→ DESCRIPTION OF THE TASK
An exact transcription of all the data is required, with every image removed.

→ GIVEN DATA
:::::

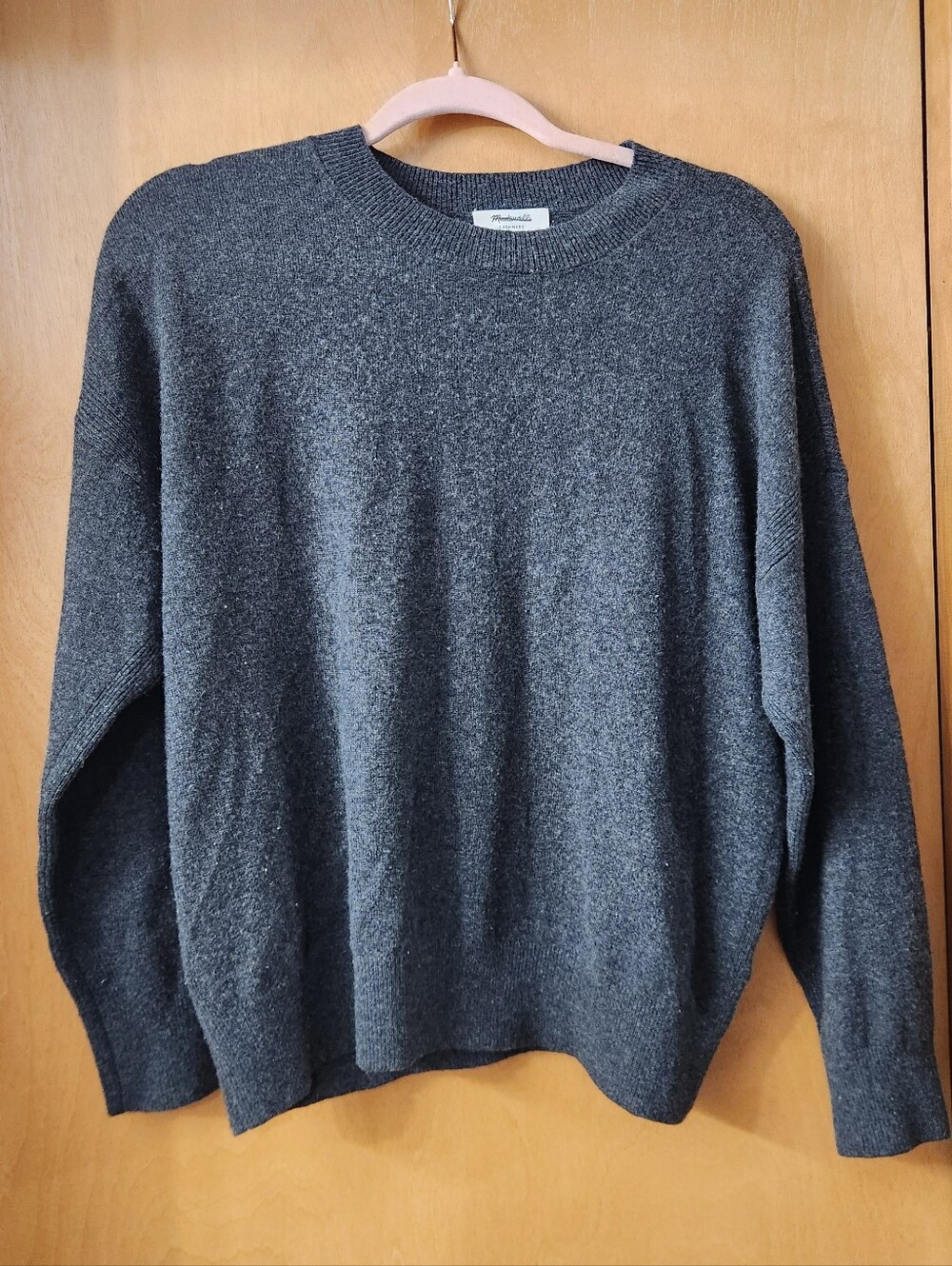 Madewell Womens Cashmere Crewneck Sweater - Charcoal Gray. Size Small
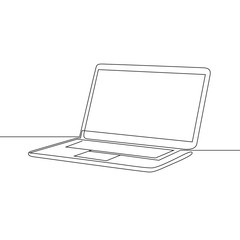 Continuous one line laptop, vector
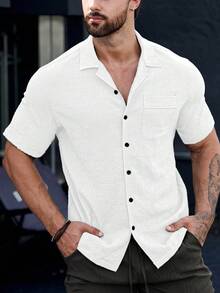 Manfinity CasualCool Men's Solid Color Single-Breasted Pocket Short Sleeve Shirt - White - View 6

:::::

→ OUTPUT FOR THIS TASK
 Madewell Womens Cashmere Crewneck Sweater - Charcoal Gray. Size Small
 Continuous one line laptop, vector
 Manfinity CasualCool Men's Solid Color Single-Breasted Pocket Short Sleeve Shirt - White - View 6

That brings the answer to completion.